> WHAT IS NEEDED
The expected result is an exact restatement of the data, free of pictures.
───── GIVEN INFORMATION
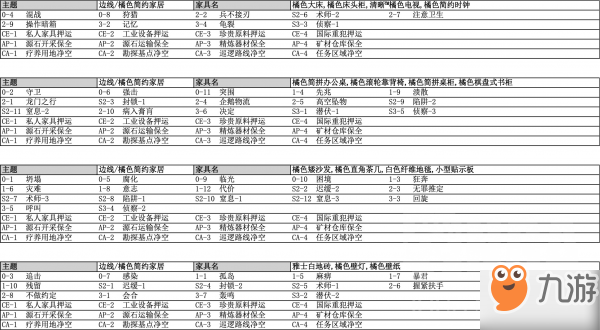 明日方舟家具掉落表 各关卡可获取家具一览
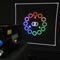 Pangolin and Kvant Make Laser Projector Color Calibration Easier than Ever Before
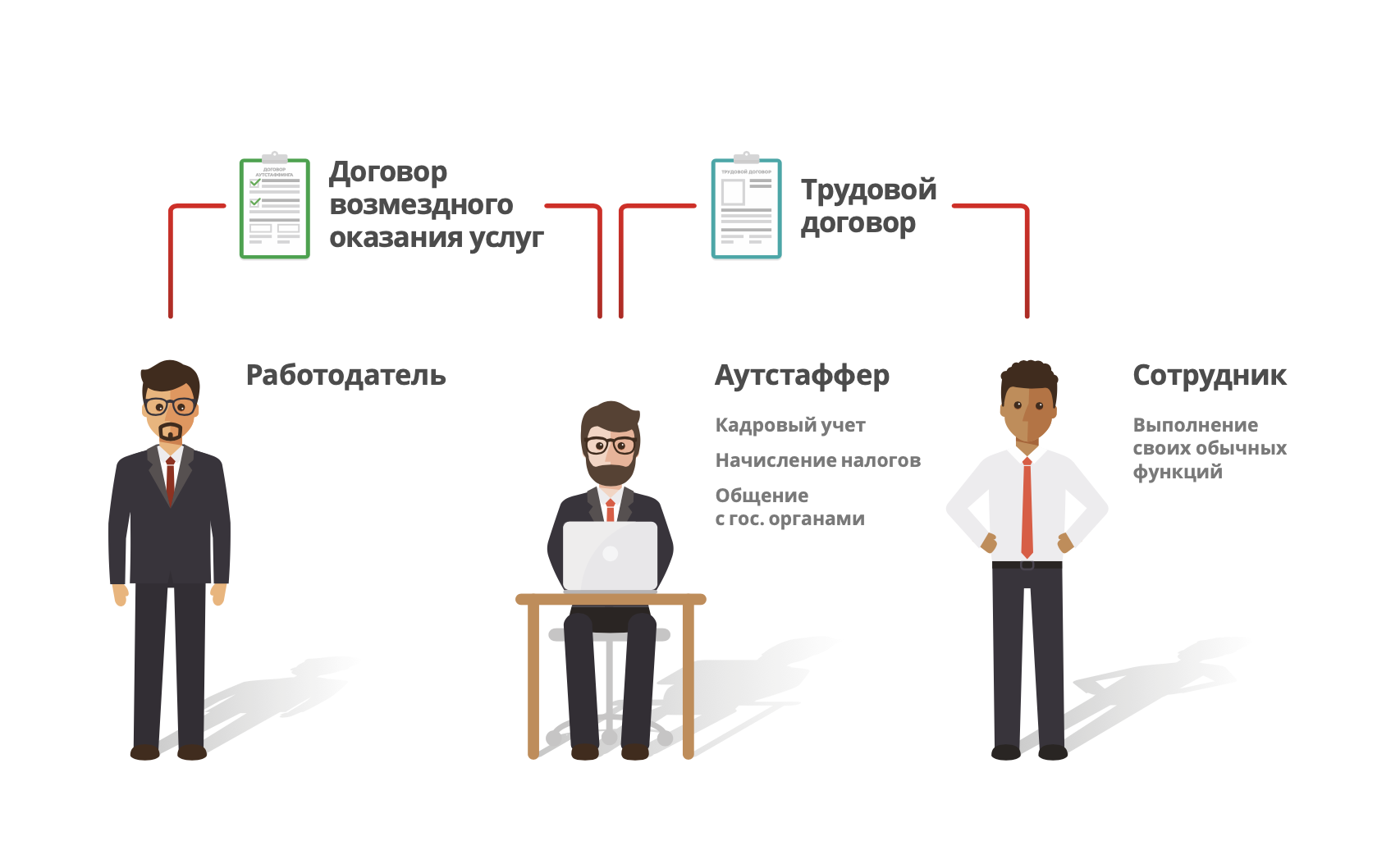 Аутстаффинг водителей с 2016 года запрещен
──────────
> SOLUTION TO THIS EXERCISE
 明日方舟家具掉落表 各关卡可获取家具一览
 Pangolin and Kvant Make Laser Projector Color Calibration Easier than Ever Before
 Аутстаффинг водителей с 2016 года запрещен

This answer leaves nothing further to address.